Forum Discussion

akumargupta's avatar
akumargupta
Icon for Microsoft rankMicrosoft
Nov 07, 2025

BYO Thread Storage in Azure AI Foundry using Python

Build scalable, secure, and persistent multi-agent memory with your own storage backend

As AI agents evolve beyond one-off interactions, persistent context becomes a critical architectural requirement. Azure AI Foundry’s latest update introduces a powerful capability — Bring Your Own (BYO) Thread Storage — enabling developers to integrate custom storage solutions for agent threads.

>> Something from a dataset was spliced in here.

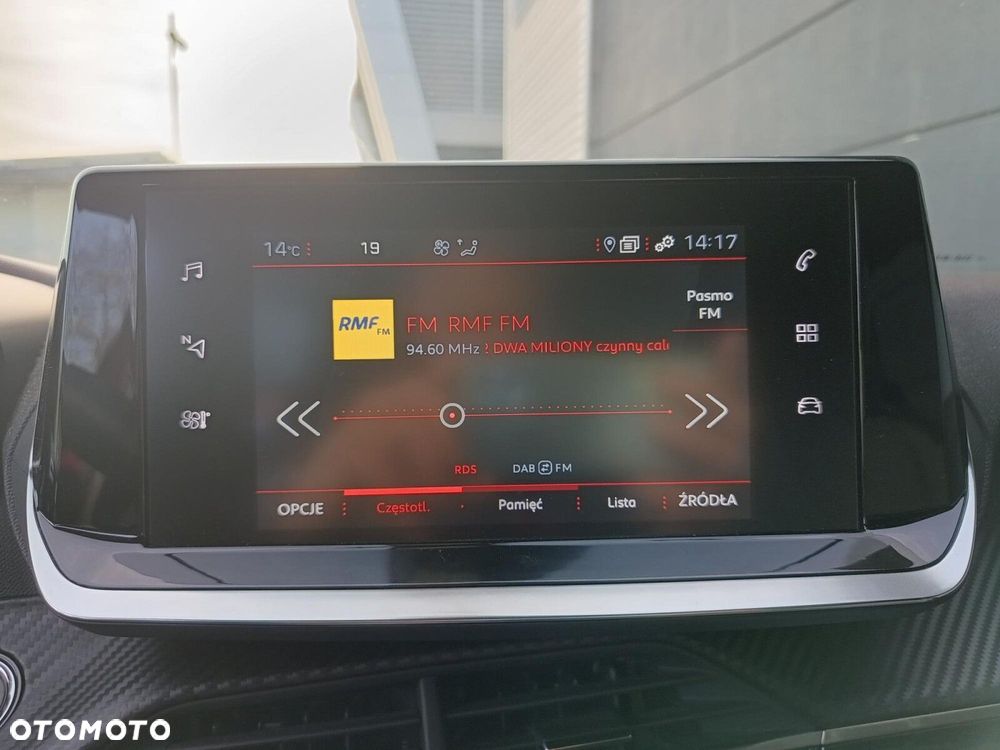 Peugeot 2008 PureTech 100 Allure S&S BVM6 - 30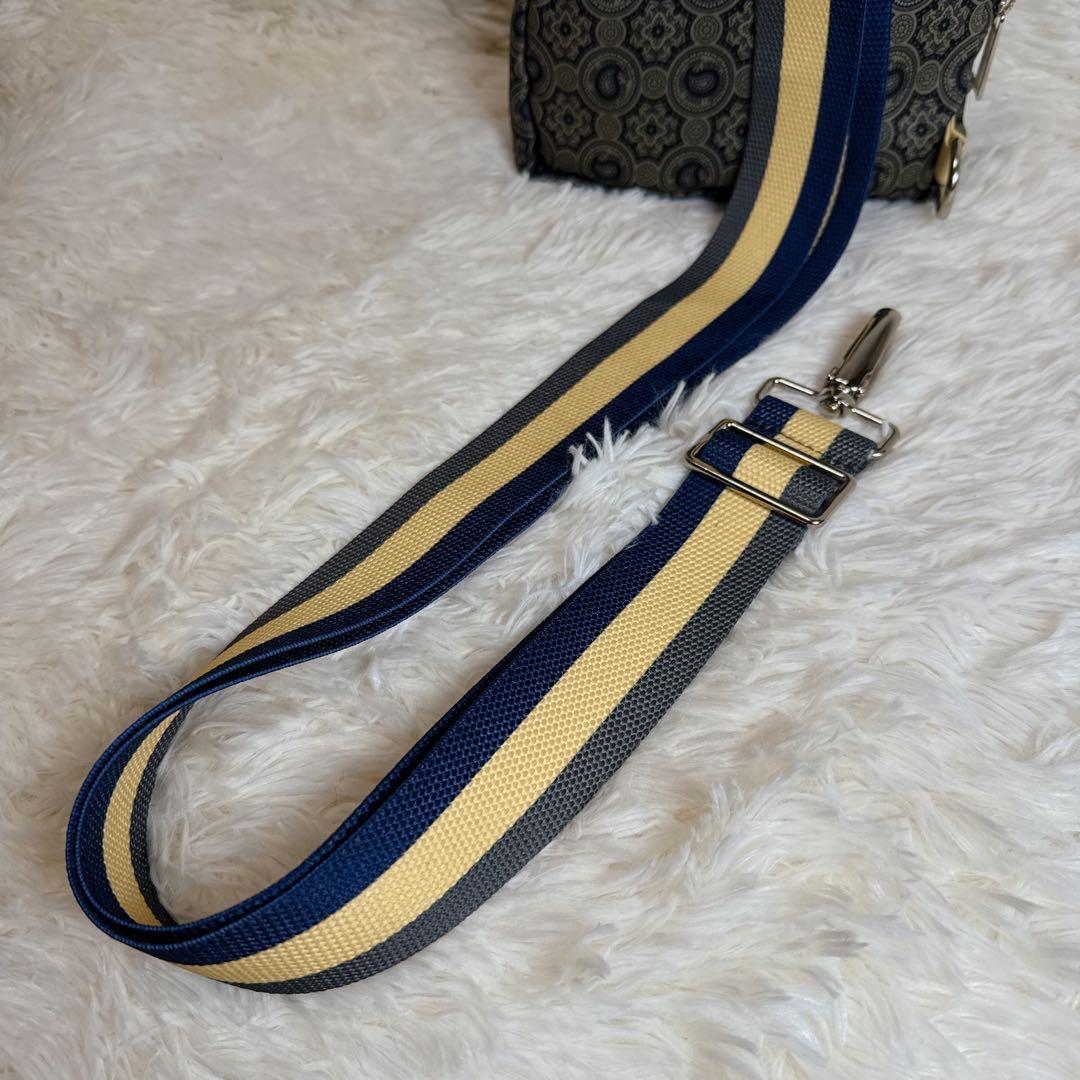 ポン子 様 ETRO エトロ ペイズリー柄 ボディバッグ ショルダー グレー系.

This feature empowers enterprises to control how agent memory is stored, retrieved, and governed, aligning with compliance, scalability, and observability goals.

 

What Is “BYO Thread Storage”?

In Azure AI Foundry, a thread represents a conversation or task execution context for an AI agent. By default, thread state (messages, actions, results, metadata) is stored in Foundry’s managed storage.

With BYO Thread Storage, you can now:

  • Store threads in your own database — Azure Cosmos DB, SQL, Blob, or even a Vector DB.
  • Apply custom retention, encryption, and access policies.
  • Integrate with your existing data and governance frameworks.
  • Enable cross-region disaster recovery (DR) setups seamlessly.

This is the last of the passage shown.